The following is the opinion of the Native Sun News Editorial Board. All content © Native Sun News.


Taking the bull by the horns in Rapid City
By Native Sun News Editorial Board

We want to encourage all of the Native Americans residing in Rapid City to start attending the Rapid City Council Meetings. The meetings are usually held on Monday evenings at 5:30 p.m. at the City Administration Office on 6th Street. If you can find the time it is important.

Why is this important? We are making every effort to emphasize the fact that if you live, work, pay taxes and send your children to the public schools in Rapid City you should be aware of what the City Council and the Rapid City School Board are doing that can and will have an impact upon your lives and the lives of your family.

We have Native American men and women from Standing Rock, Rosebud, Pine Ridge, Lower Brule, Crow Creek, and Cheyenne River and from reservations as far away as Flandreau, Sisseton and Yankton. Most moved here to find jobs, start businesses, or attend college at Oglala Lakota College or the School of Mines. Or perhaps they moved here because they have relatives living here.

We mentioned all nine reservations in South Dakota for a reason. Think of this; if you were living back on your home reservation you would consider it your duty to attend some of the tribal council meetings. You would do that to find out what your government is doing on your behalf or on behalf of the tribe.

It is natural that we continue to think of the lands where we were born and raised as our home. But having made that move to Rapid City we need to make a serious change of mind. Most of us cannot vote on our home reservations if we are not physically residing there. We have complained about this in the past in hopes that a group of Lakota/Dakota/Nakota would decide that this is illegal because by denying you the right to vote is disenfranchisement. If you still have land holdings on your respective reservation you should have the right to vote in the tribal elections and if you cannot vote there you should be asking yourself (and a skilled attorney) why not?

But surprisingly there is no such restrictions placed upon you by the wasicu government of Rapid City. If you live here, pay rent here, own a home here, pay taxes here and have children in school here, you are considered a citizen of Rapid City and have the legal right to vote and more than that, to run for public office.


Native Sun News general manager Jackie Giago, at podium, addresses the Rapid City Council.

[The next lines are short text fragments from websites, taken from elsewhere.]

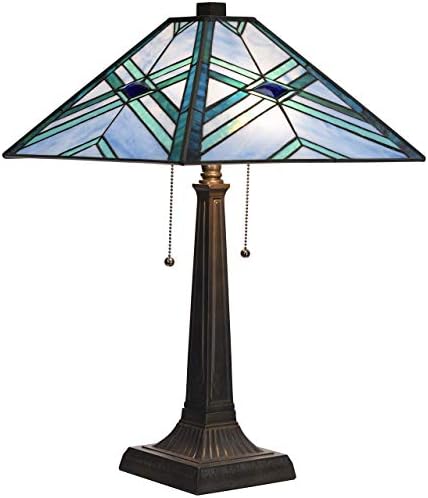 Bieye L10814 Mission Tiffany Style Stained Glass Table Lamp for Reading Working Decorating, 20" W x 22.5" H, Blue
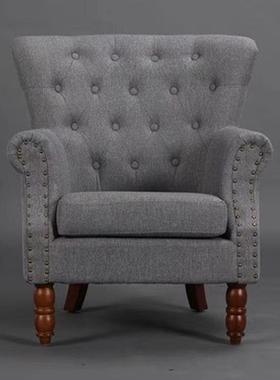 美式网红单户家用沙发欧式简约复古老皮ZED虎椅艺小型阳台人懒人沙发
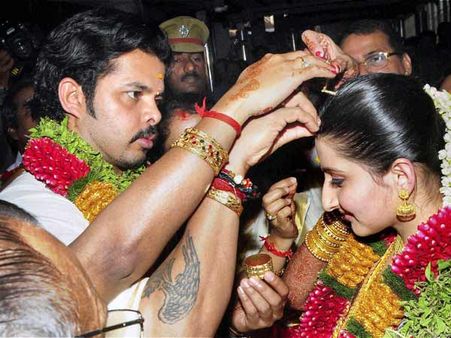 இனிதாக நடந்து முடிந்தது ஸ்ரீசாந்த்-புவனேஸ்வரி திருமணம்...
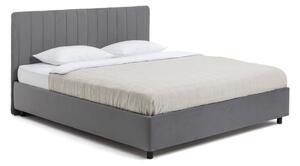 Sivi tapecirani bračni krevet s podnicom i prostorom za odlaganje 160x200 cm Myra Slim Line – Bonami Selection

Photo by Richie Richards

We would love to see Native Americans run for the City Council, the School Board, and the County Commissioners and even for mayor. It doesn’t matter whether you win because it will give you the opportunity to participate, debate and bring your points of view to the forefront of the election process.

We will never advance our lives in Rapid City until we are seriously considered as a part of the solution and not as a problem. Think of this: If two Native Americans make outrageous statement and claims, all Native Americans are blamed, but if two white men make the same claims, only those two individuals are blamed.

In other words, we as Native Americans are all rolled up into one basket. If one is guilty of a misdeed, we are all guilty.

Elections will be coming in 2016 and it is not too late to not only register to vote and make your voice known, but it is necessary that those Native Americans who feel that we have had enough and are not going to take it anymore, take out petitions and run for public office. It’s the only way!